Below we see some results from the latest subset selection model. The R-squared
stat increases from 32%
at 1 variable to 55%
when all the variables are included. This is expected as R-squared
always increases as more variables are included.
reg.summary$rsq
[1] 0.3214501 0.4252237 0.4514294 0.4754067 0.4908036 0.5087146 0.5141227
[8] 0.5285569 0.5346124 0.5404950 0.5426153 0.5436302 0.5444570 0.5452164
[15] 0.5454692 0.5457656 0.5459518 0.5460945 0.5461159
Lets plot the 19 variable model from just above and see how RSS and adjusted R^2 reacts to the increasing number of variables.
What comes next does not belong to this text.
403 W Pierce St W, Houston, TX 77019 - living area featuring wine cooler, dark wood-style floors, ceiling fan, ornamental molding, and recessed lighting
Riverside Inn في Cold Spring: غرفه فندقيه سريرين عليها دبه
We can see that R^2 rises as expected and RSS falls and levels.
plot(reg.summary$rss ,xlab="Number of Variables ",ylab="RSS", type="l")
plot(reg.summary$adjr2 ,xlab="Number of Variables ", ylab="Adjusted RSq",type="l")
which.max(reg.summary$adjr2)
[1] 11
points (11,reg.summary$adjr2[11], col="red",cex=2,pch=20)
BIC is an excellent measurement statistic for finding the optimal model. Below we graph the BIC across all models and find that best is at 6
plot(reg.summary$cp ,xlab="Number of Variables ",ylab="Cp", type= 'l')
which.min(reg.summary$cp)
[1] 10
points (10,reg.summary$cp [10],col="red",cex=2,pch=20)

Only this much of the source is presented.